There are at least three ways that patients, their families, and clinicians can work to heal the dying. The first is to recognize when the offerings of modern medicine are unlikely to help and are more likely to hurt. During the half dozen or so years before my grandfather died, he was periodically rushed to his local hospital after passing out. As the only medical doctor in the family, I suspected that either his blood pressure went too low, or that he had an episodically abnormal heart rhythm. Regardless of the cause, he would always rebound, and I would insist that my grandfather be discharged. The doctors were always reasonable. They recognized that a man in his late eighties was unlikely to benefit from an extensive workup. Discerning the limits of technology takes some knowledge, but motivated family members can certainly engage a patient’s physicians on this point. Doctors often want to have these conversations with patients and their families but are reticent to broach the subject of limiting medical interventions.
A second way to bring healing to the dying is to acknowledge human finitude. It is no secret that all will die. Yet Americans live as though it will not happen. When I became the healthcare decision maker for my grandfather, I had a frank conversation with him and his children about the blessings and burdens of cardiac resuscitation and life-extending technology. I warned them that the hospital was no place for the sick—an elderly person is often likely to become sicker—and that visiting the emergency room for every bout of constipation or lightheadedness would do little to improve the quality (or quantity) of his life. In short, we spoke of finitude—both human and technological. And eventually we decided not to have my grandfather transported to the hospital ever again.
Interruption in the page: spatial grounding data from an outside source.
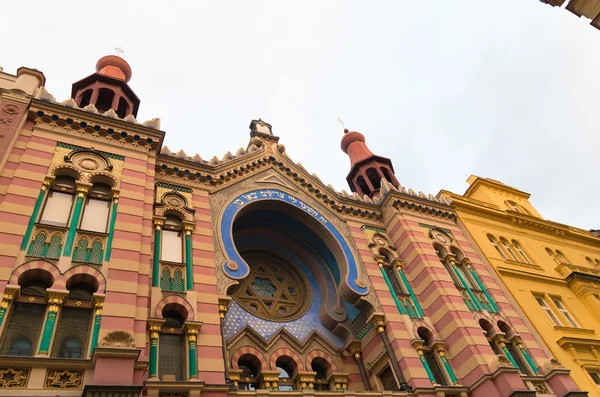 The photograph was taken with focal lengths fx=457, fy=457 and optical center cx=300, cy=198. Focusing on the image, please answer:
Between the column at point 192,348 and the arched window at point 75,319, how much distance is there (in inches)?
95.9

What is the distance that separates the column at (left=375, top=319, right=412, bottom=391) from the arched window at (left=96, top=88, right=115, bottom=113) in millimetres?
14426

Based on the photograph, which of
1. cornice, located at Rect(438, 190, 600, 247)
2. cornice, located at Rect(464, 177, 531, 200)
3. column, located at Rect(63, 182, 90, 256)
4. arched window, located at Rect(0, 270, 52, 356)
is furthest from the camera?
cornice, located at Rect(464, 177, 531, 200)

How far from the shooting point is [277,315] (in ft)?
56.2

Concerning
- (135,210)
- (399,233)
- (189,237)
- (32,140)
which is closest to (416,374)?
(399,233)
Dying should be a community affair. This is a third way to bring healing to the dying. The community may include immediate family members, neighbors, colleagues, church members, or even members of the healthcare team. The point is that a deeper sort of healing occurs within the confines of community.
If my grandfather was truly dying for twenty years, he experienced healing because he was embraced by a community that hoped for his physical restoration, but even more strongly desired his spiritual, moral, and mental restoration. And in the presence of a community—religious, social, familial—that shared this aim, Norman Ulrich experienced healing that only the Healer could give.
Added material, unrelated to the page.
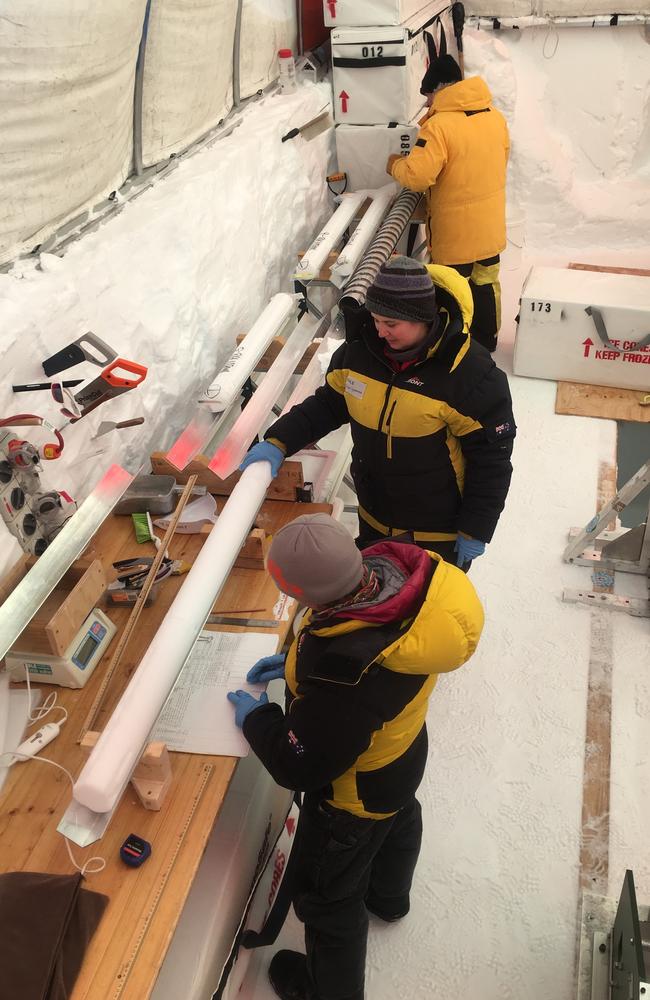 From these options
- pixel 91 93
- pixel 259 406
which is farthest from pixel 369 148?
pixel 259 406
As the years wore on, we all noticed that Grandpa’s bark quieted. His demands became less demanding. I remember my uncle commenting on the conference that he and my grandfather had attended which seemed to have signaled the immense softening of his rough edges. My grandmother later confided, “If it took your grandfather fifty years to become the man he became, it was worth the wait.”
On January 14, 2016, the staff at his senior living home summoned Grandpa’s oldest daughter to his bedside. At the age of ninety-five, after two decades of dying, he had begun breathing like a man who would soon be dead. My aunt phoned her siblings who immediately began to gather. Her own daughter and grandchildren had been visiting, so within the hour, four generations of family had gathered around my grandfather’s bed. The pastor just happened to be in the neighborhood, and he led the family in prayer and song. All of us had long anticipated this day. And as the family lifted their voices in song, my grandmother, his wife of seventy years, held my grandfather’s hand as he sighed contentedly and breathed his last earthly breath.
Lydia Dugdale is a physician at the Yale School of Medicine and editor of the book Dying in the Twenty-First Century: Toward a New Ethical Framework for the Art of Dying Well.